Myanmar: Tobacco giant accused of tricks to hook children

Screen Shot 2016-07-14 at 13.39.11

14 July 2016

Anti-smoking campaigners have urged the government of Aung San Suu Kyi to crack down on British American Tobacco in Burma, where it is allegedly enticing children into smoking.

The company, whose products include Lucky Strike and Pall Mall, is accused of offering “kiddie packs” of four cigarettes, promoting and selling its cigarettes near schools, sponsoring music events aimed at the young and including free lighters with packs.

Lawyers, public health experts and an official from Burma’s department of health told The Times that BAT’s alleged conduct may have breached several sections of the country’s 2006 tobacco control law.

Deborah Arnott, chief executive of the London-based Action on Smoking and Health, described the allegations as deplorable and urged Ms Suu Kyi’s newly elected government to investigate and penalise any breaches of the law. Burma’s tobacco law was designed to help it to fulfil its obligations under the UN’s framework convention on tobacco control. It includes a comprehensive ban on the promotion of cigarettes and forbids the sale of tobacco within 100 yards of schools.

An official at Burma’s department of health said that parliament, now dominated by Ms Suu Kyi’s National League for Democracy, was due to discuss tougher penalties for violating the law.

Faced with ever-stricter rules in developed markets, big tobacco companies are increasingly looking to exploit lax regulation in poorer countries to boost sales, campaigners say. BAT is facing accusations that its employees paid bribes in several African countries in an attempt to sabotage anti-smoking rules, which have led to calls for a US department of justice inquiry.

BAT has appointed external lawyers to investigate the allegations in Africa.

Will Hill, a company spokesman, said that BAT had “actively encouraged” Burma’s government to enforce the law better. He added that BAT never targeted children and did “not condone or supply single sticks”.

The company has distributed stickers that have been displayed at shops and bars across Burma offering four cigarettes for the equivalent of about 5p. A section of the local law forbids the sale of packs containing fewer than 20 cigarettes. The Times found dozens of the stickers in clear view of customers at several spots across the country.
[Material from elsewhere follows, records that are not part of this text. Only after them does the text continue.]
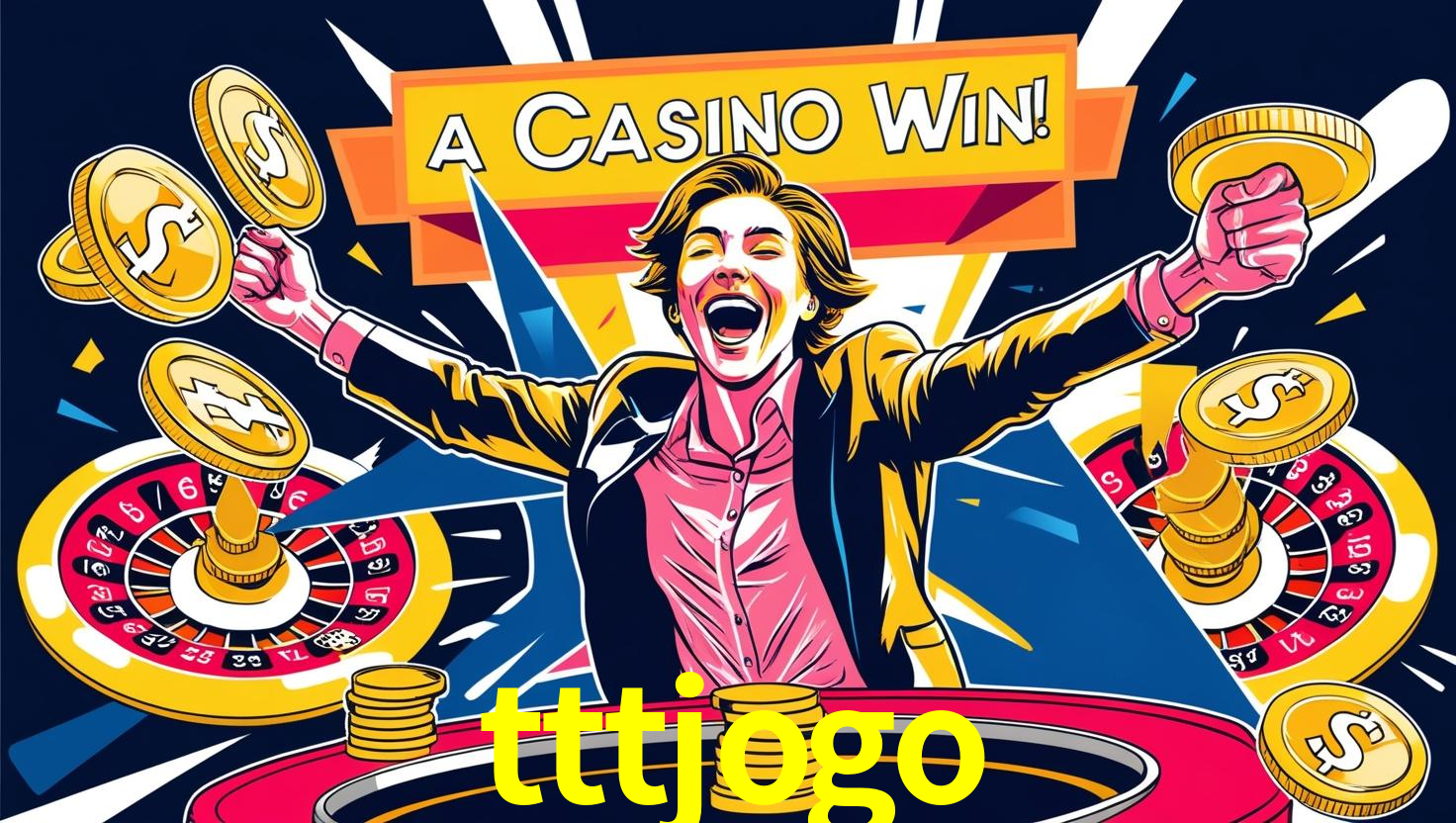 TTTJOGO.COM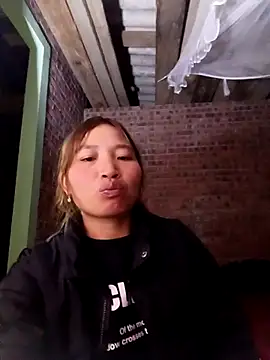 sowbibi online show from 22, 2, 2026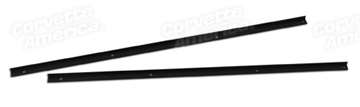 www.nexpart.de - WINDOW SEALS. OUTER CONV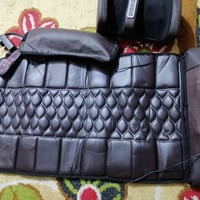 دلاكة • جديدة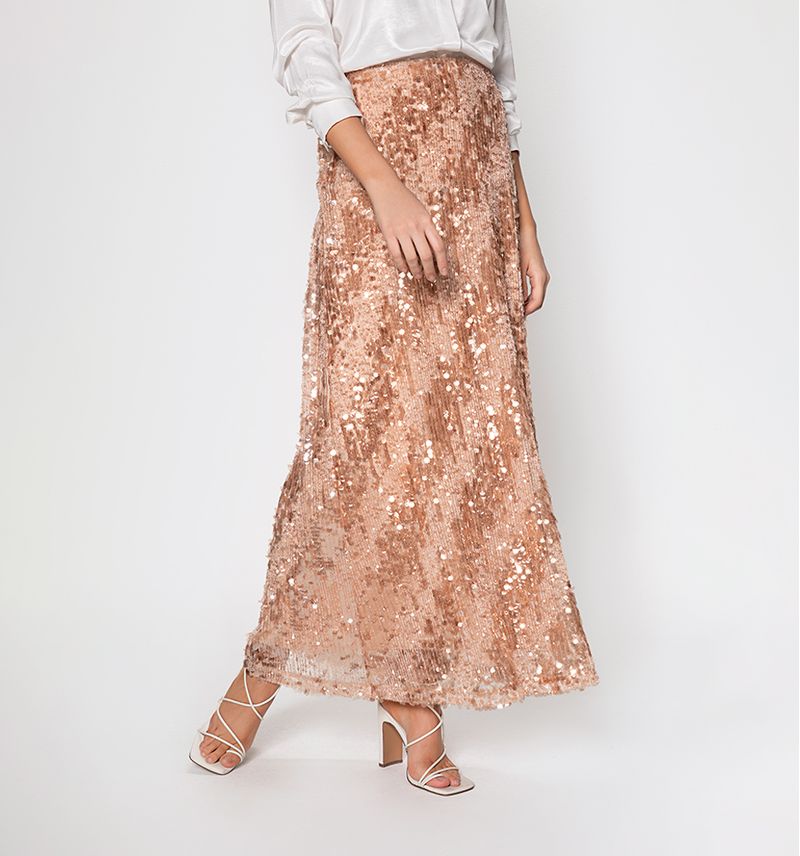 Faldas-CHAMPAÑA-S036059-2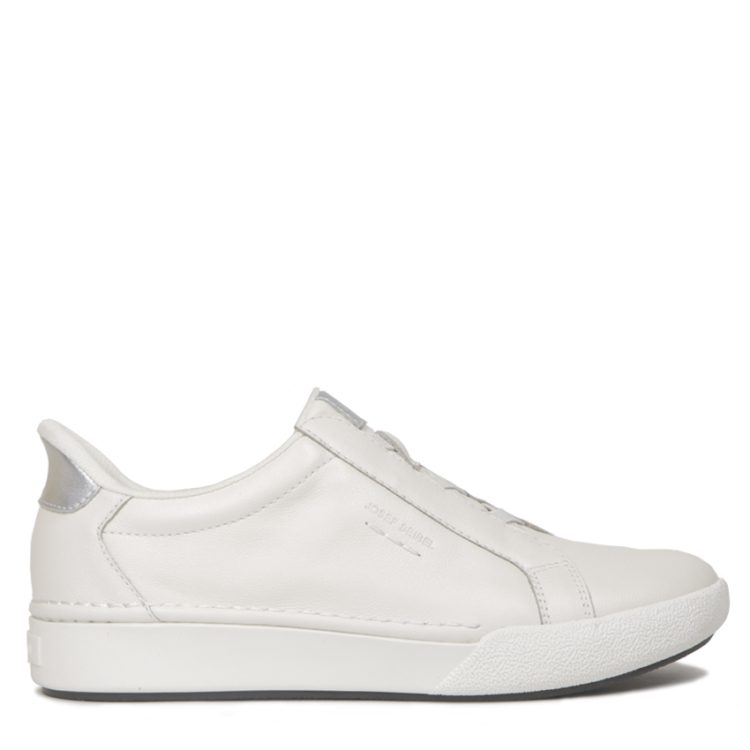 Josef Seibel Claire 33 | BLANC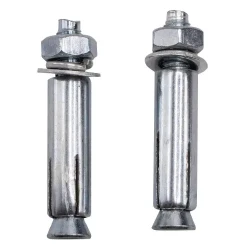 Furtun pentru compresor Procraft HR10 flexmag.md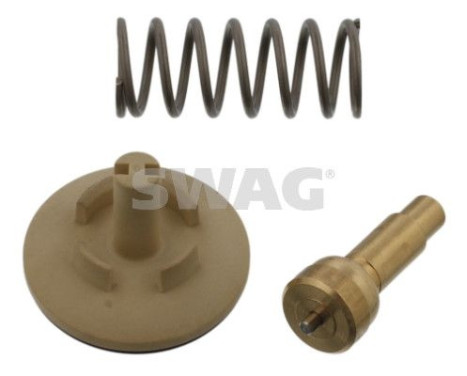 thermostat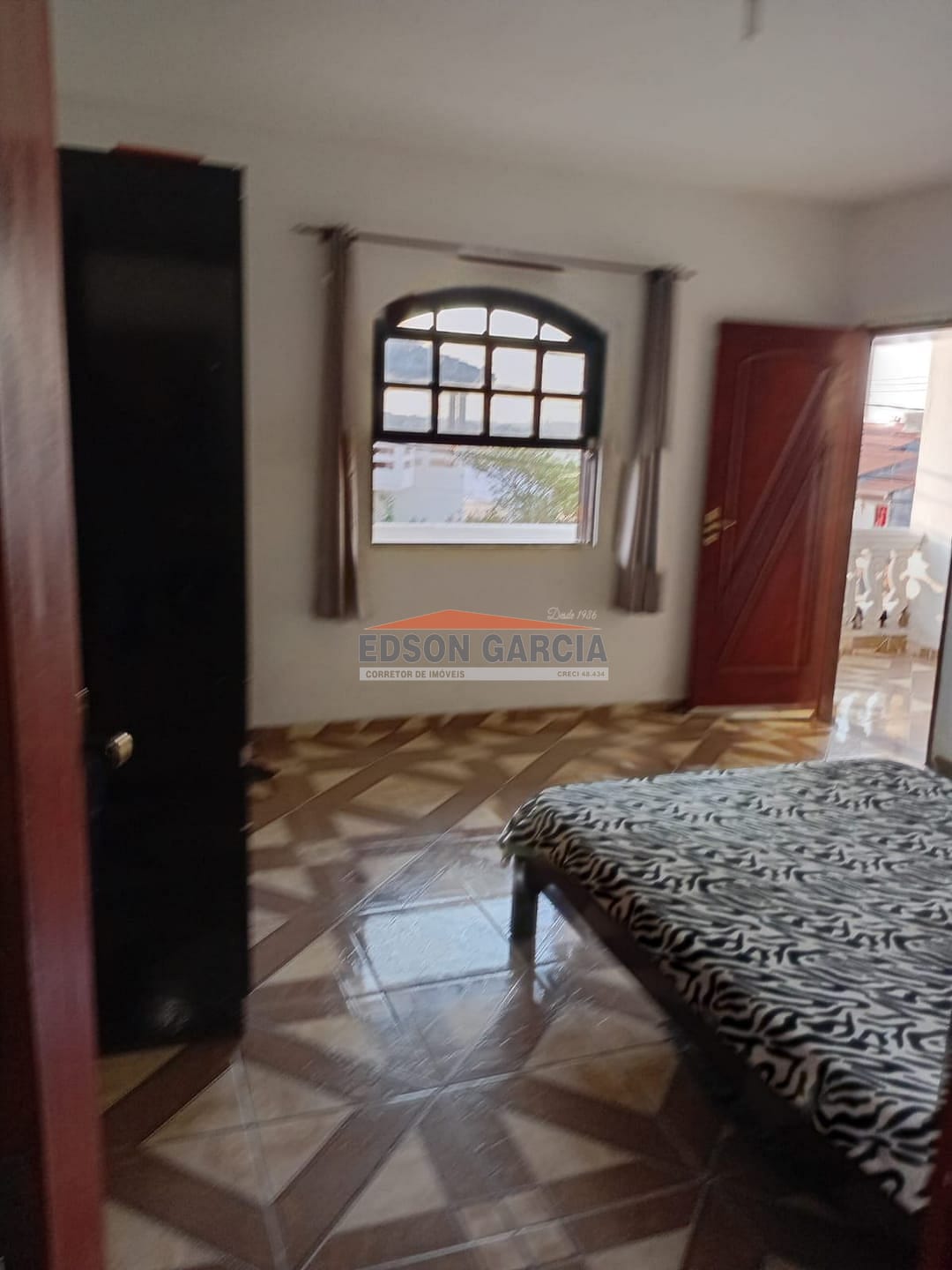 Casa à venda com 2 quartos, 153m² - Foto 13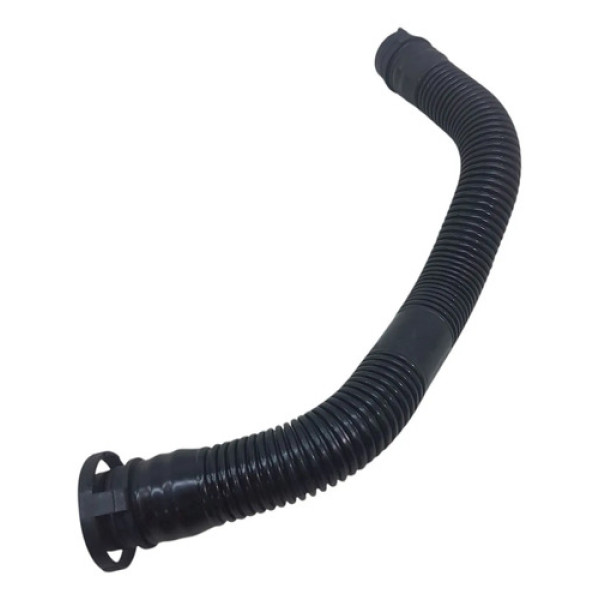 Mangueira Respiro  Vw Touareg V8 2009 206557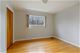 3023 Central, Wilmette, IL 60091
Mr Hill said that the stickers were “given to retailers to discourage them from overcharging”, adding that BAT’s branded materials were “aimed at retailers”. May Myat Cho, a public health expert with the campaign group the Southeast Asia Tobacco Control Alliance, dismissed the idea that the stickers were only for retailers, and said that offering loose cigarettes for sale was in any case a violation of local law. Her group says that 60.3 per cent of men in Burma now smoke, up from 47 per cent in 2013.

BAT is also accused of distributing branded pots to bars and shops that are often used to dispense single cigarettes. Mr Hill said that the company had now decided to withdraw the pots.

Thuzar Chit Tin, who is responsible for tobacco control at Burma’s department of health, said BAT was among several companies suspected of breaching the country’s anti-tobacco laws, which are poorly enforced because of a lack of funding.